- Data shown:
--- START ---
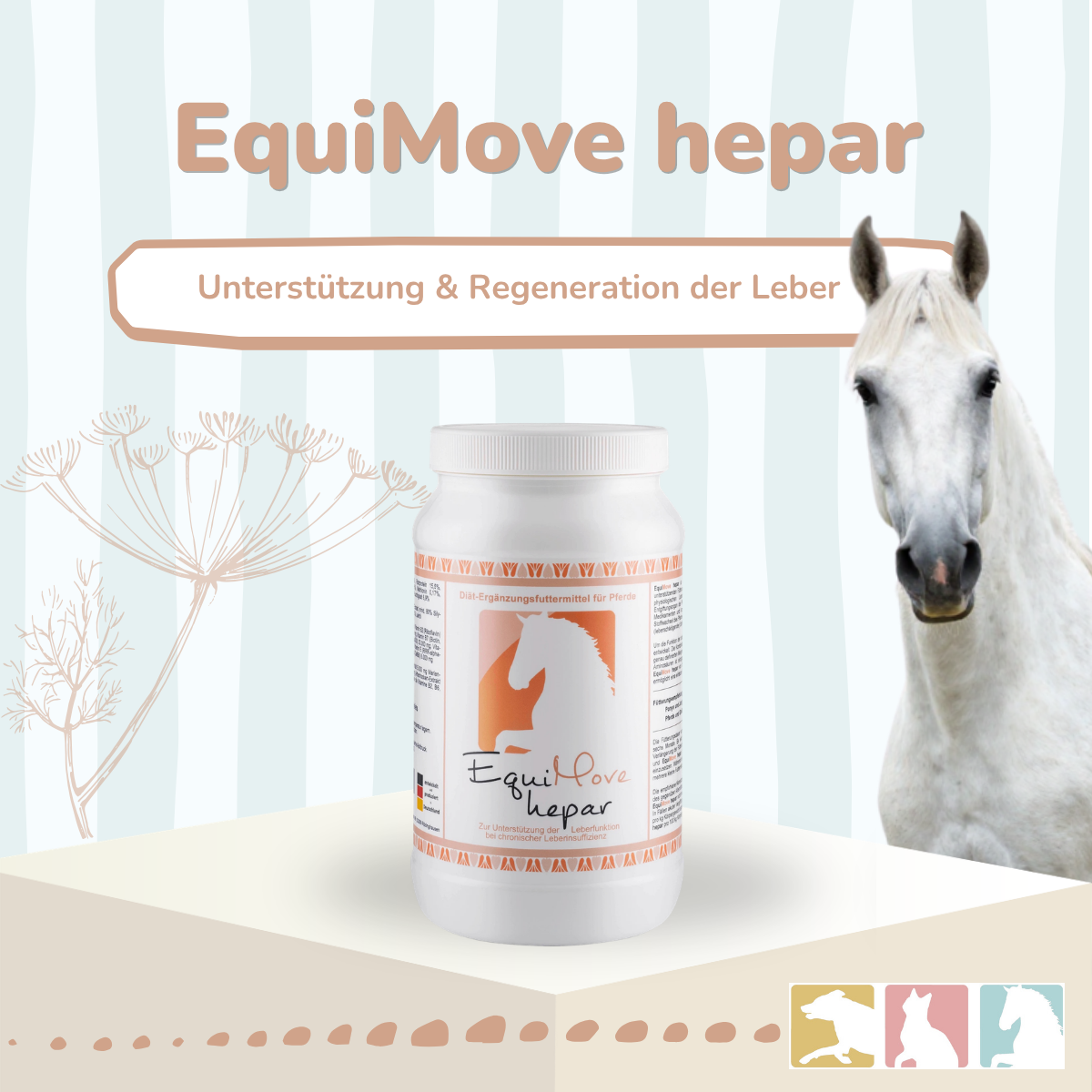 EquiMove hepar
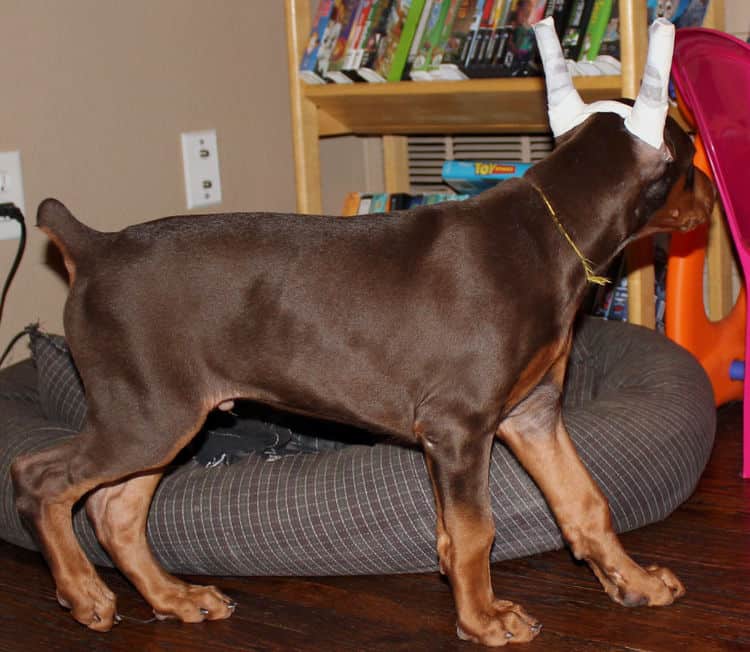 9 week old red male dobermann pup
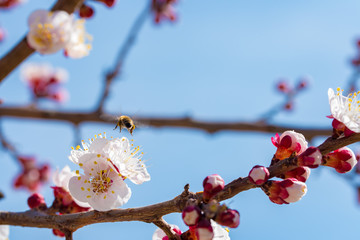 Spring Background. Apricot Flowers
--- END ---
- The task: Return the listing above in full and unaltered. Keep the pictures out.

- Written reply:
 EquiMove hepar
 9 week old red male dobermann pup
 Spring Background. Apricot Flowers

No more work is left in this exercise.